> _Your assignment_:
Please output the following records exactly. Leave every image out.
>>>>
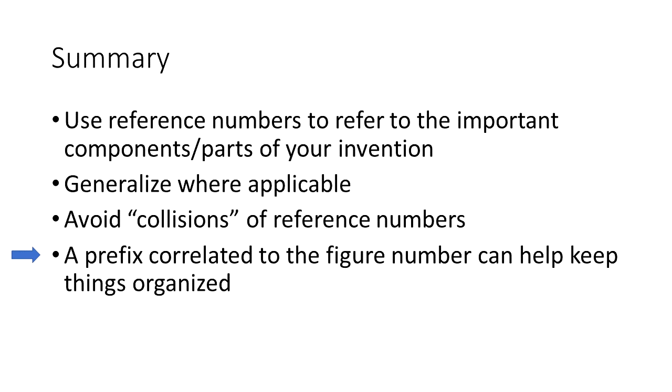Using a prefix. Recall when I introduced a part in figure three, it started with a three, like gear 330. If I introduce a part in figure 12, then that part will have a four digit number starting with 12, such as 1230.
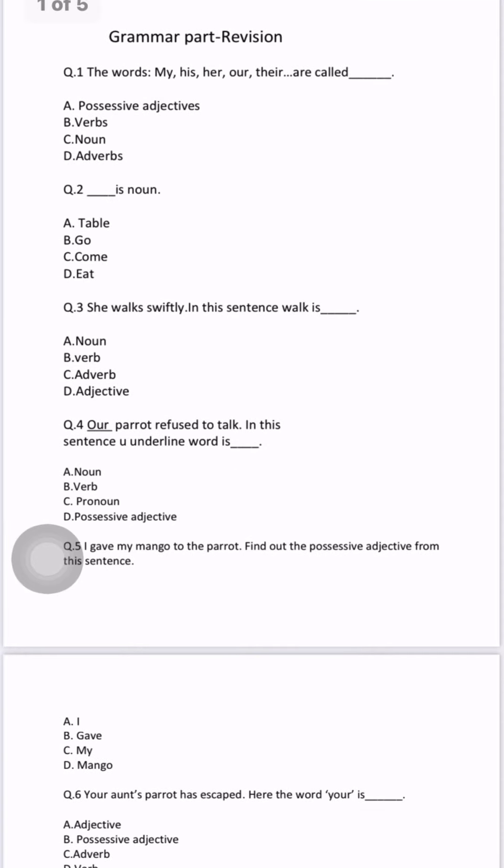Hello students, good morning. As we have done revision of MCQ parts from our textbook, now we are going to do revision of the grammar portion.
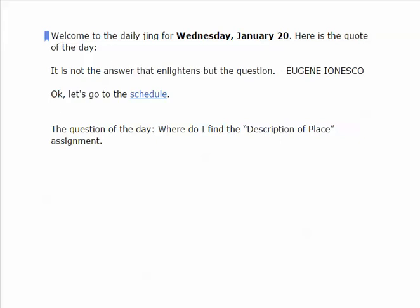Hi, this is Dr. Archibald, your instructor for English 311 online. This is the first daily Jing of the semester. In these daily screencast videos, I do three things: I give you a quote of the day, I go to the schedule or to D2L, and I give you a question of the day that I then answer at the end of this video.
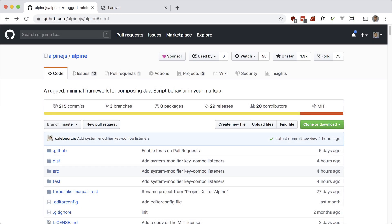What's up guys, Andre here. Today I'd like to take a look at Alpine.js. Alpine is a rugged, minimal framework for composing JavaScript behavior in your markup. Think of it like Tailwind for JavaScript. In my opinion, it's not meant to replace Vue or React, but serve as an alternative when you need JavaScript to do something minor.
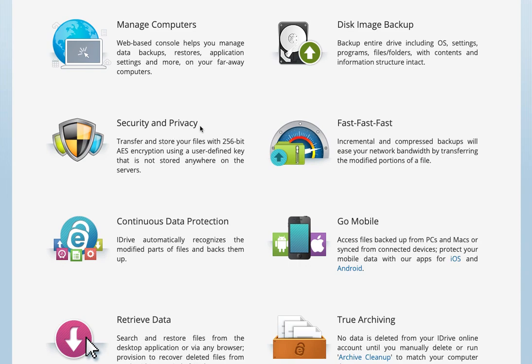Security and privacy, of course, that's a big deal at Defending Digital. One thing that I really like about iDrive is they let you create your own private encryption key. Here they call it a user defined key. Basically, you can create your own password that your data is encrypted with, and you store that yourself. You don't give it to iDrive.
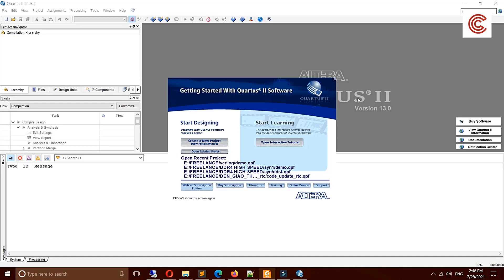Hello everyone, today I will show you how to see netlist semantics in Quartus. First we need to compile the design, and then we can show the semantics of your design. Now let's begin.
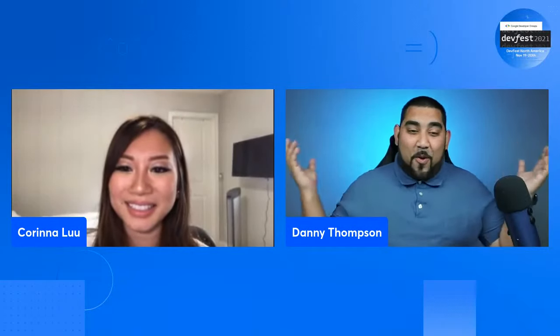Hey, everybody. Welcome to DevFest Day 2, track number two. Super excited to be here. I'm Danny Thompson. I work on the Dev Ecosystem team here at Google. And I'm Karina Liu, and I'm also on the North America Developer Ecosystem team as well, working with Danny. Welcome to DevFest Day 2.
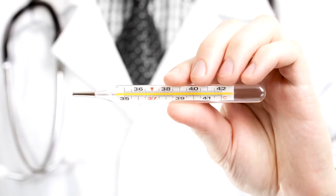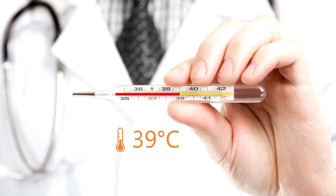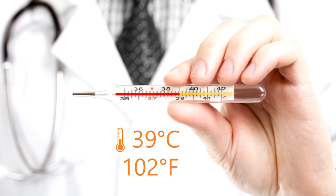Imagine we're feeling sick and we go to see our doctor. Our doctor takes a measurement of our body temperature using a thermometer. The thermometer reads 39 degrees Celsius, which is 102 degrees Fahrenheit for those of us who have yet to switch to the metric system. Based on this temperature, it's clear that we're running a fever.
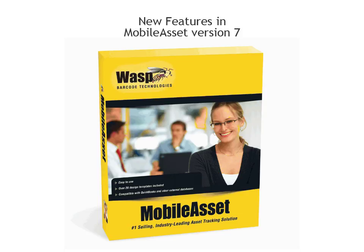Mobile Asset Version 7 has many new features designed to make managing your assets even easier than before. This video will highlight the new features found in Mobile Asset Version 7.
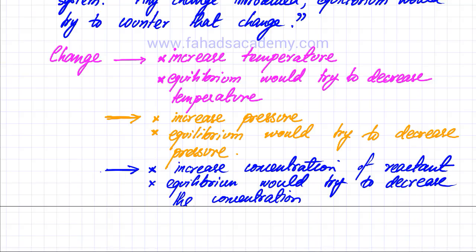So we're going to discuss each of these. Now we probably do understand what is meant by Le Chatelier's principle — whatever change you introduce in the system, the equilibrium is going to counter that. But why would it counter that, and what is the understanding behind that? We're going to discuss that now.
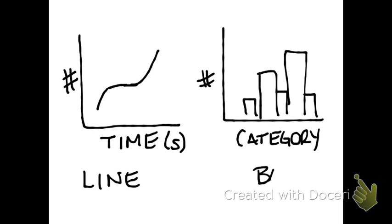So we'd use a bar graph here. In the example that was given to you, you would use a bar graph. Thank you.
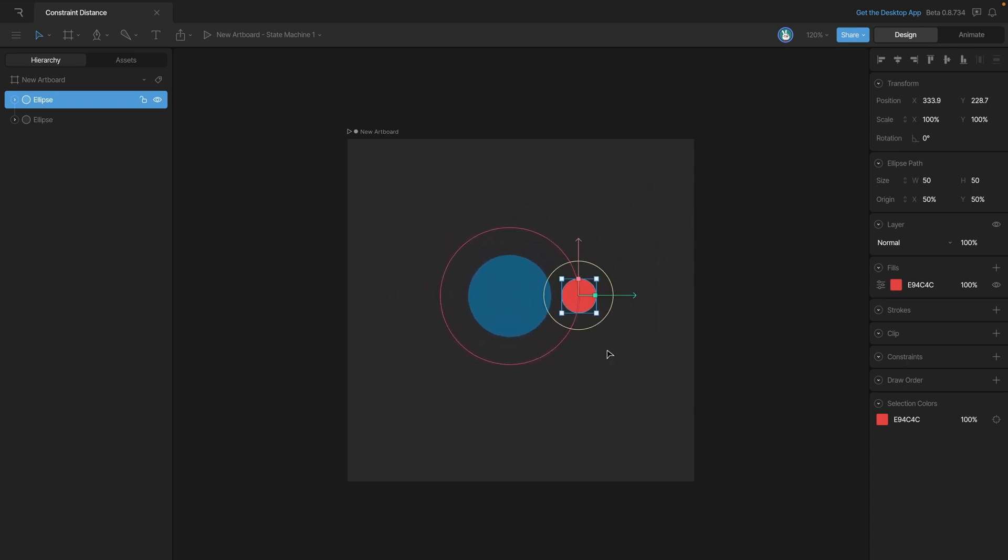There's lots of ways that we can use the distance constraint while changing the mode. For example, we could use it to keep a character's pupil inside the eye.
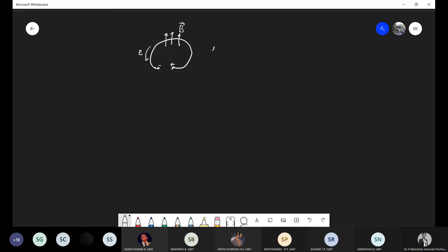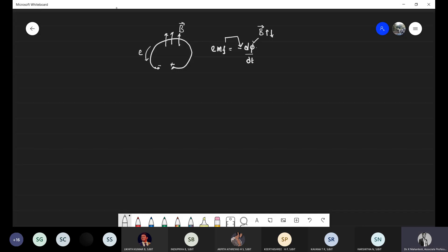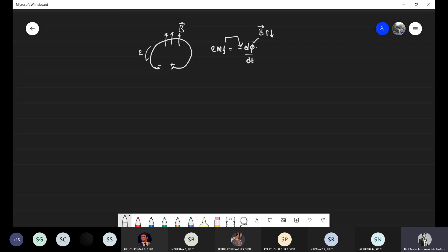This induced EMF can be given as the negative rate of change of flux with respect to time. Flux B is varying with respect to time, and EMF induced is the negative rate of change of flux. The minus sign indicates that the EMF is in such a direction as to produce a current whose flux opposes the original flux — this is known as Lenz's law.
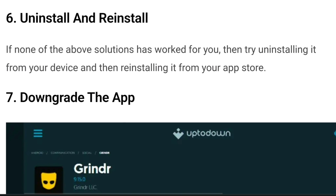Number six: uninstall and reinstall. If none of the above solutions have worked for you, try uninstalling Grindr from your device and then reinstalling it again from the app store.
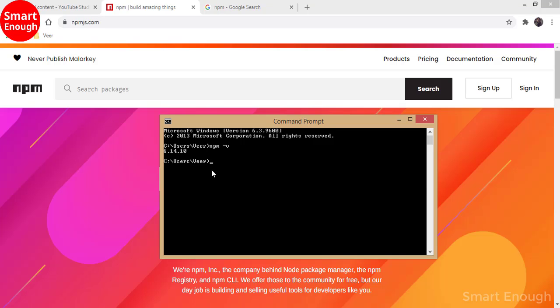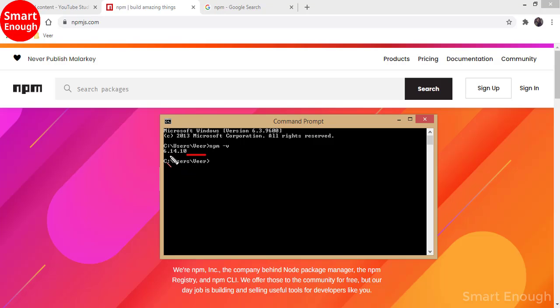So this is how you can check the NPM version in your PC. As you can see, the NPM version installed in my PC is 6.14.10.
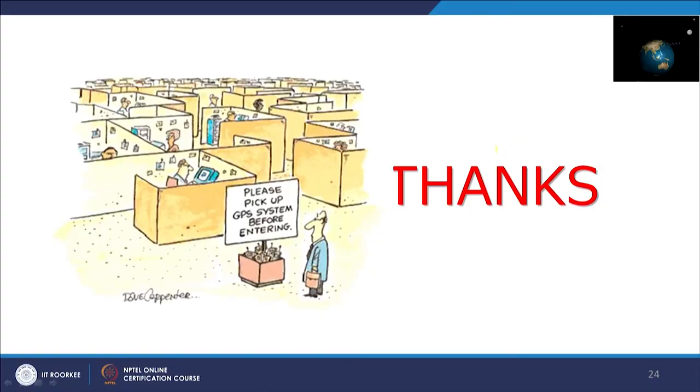This brings to the end of this discussion. All possible correction methods have been covered — starting from Differential GNSS, then RTK, then SBAS, and finally PPP. This basically ends the discussion on the errors part and how these errors can be corrected and how better accuracy and position estimates can be achieved. Thank you very much.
<<<<
> _Written response_:
Using a prefix. Recall when I introduced a part in figure three, it started with a three, like gear 330. If I introduce a part in figure 12, then that part will have a four digit number starting with 12, such as 1230.
Hello students, good morning. As we have done revision of MCQ parts from our textbook, now we are going to do revision of the grammar portion.
Hi, this is Dr. Archibald, your instructor for English 311 online. This is the first daily Jing of the semester. In these daily screencast videos, I do three things: I give you a quote of the day, I go to the schedule or to D2L, and I give you a question of the day that I then answer at the end of this video.
What's up guys, Andre here. Today I'd like to take a look at Alpine.js. Alpine is a rugged, minimal framework for composing JavaScript behavior in your markup. Think of it like Tailwind for JavaScript. In my opinion, it's not meant to replace Vue or React, but serve as an alternative when you need JavaScript to do something minor.
Security and privacy, of course, that's a big deal at Defending Digital. One thing that I really like about iDrive is they let you create your own private encryption key. Here they call it a user defined key. Basically, you can create your own password that your data is encrypted with, and you store that yourself. You don't give it to iDrive.
Hello everyone, today I will show you how to see netlist semantics in Quartus. First we need to compile the design, and then we can show the semantics of your design. Now let's begin.
Hey, everybody. Welcome to DevFest Day 2, track number two. Super excited to be here. I'm Danny Thompson. I work on the Dev Ecosystem team here at Google. And I'm Karina Liu, and I'm also on the North America Developer Ecosystem team as well, working with Danny. Welcome to DevFest Day 2.
Imagine we're feeling sick and we go to see our doctor. Our doctor takes a measurement of our body temperature using a thermometer. The thermometer reads 39 degrees Celsius, which is 102 degrees Fahrenheit for those of us who have yet to switch to the metric system. Based on this temperature, it's clear that we're running a fever.
Mobile Asset Version 7 has many new features designed to make managing your assets even easier than before. This video will highlight the new features found in Mobile Asset Version 7.
So we're going to discuss each of these. Now we probably do understand what is meant by Le Chatelier's principle — whatever change you introduce in the system, the equilibrium is going to counter that. But why would it counter that, and what is the understanding behind that? We're going to discuss that now.
So we'd use a bar graph here. In the example that was given to you, you would use a bar graph. Thank you.
There's lots of ways that we can use the distance constraint while changing the mode. For example, we could use it to keep a character's pupil inside the eye.
This induced EMF can be given as the negative rate of change of flux with respect to time. Flux B is varying with respect to time, and EMF induced is the negative rate of change of flux. The minus sign indicates that the EMF is in such a direction as to produce a current whose flux opposes the original flux — this is known as Lenz's law.
Number six: uninstall and reinstall. If none of the above solutions have worked for you, try uninstalling Grindr from your device and then reinstalling it again from the app store.
So this is how you can check the NPM version in your PC. As you can see, the NPM version installed in my PC is 6.14.10.
This brings to the end of this discussion. All possible correction methods have been covered — starting from Differential GNSS, then RTK, then SBAS, and finally PPP. This basically ends the discussion on the errors part and how these errors can be corrected and how better accuracy and position estimates can be achieved. Thank you very much.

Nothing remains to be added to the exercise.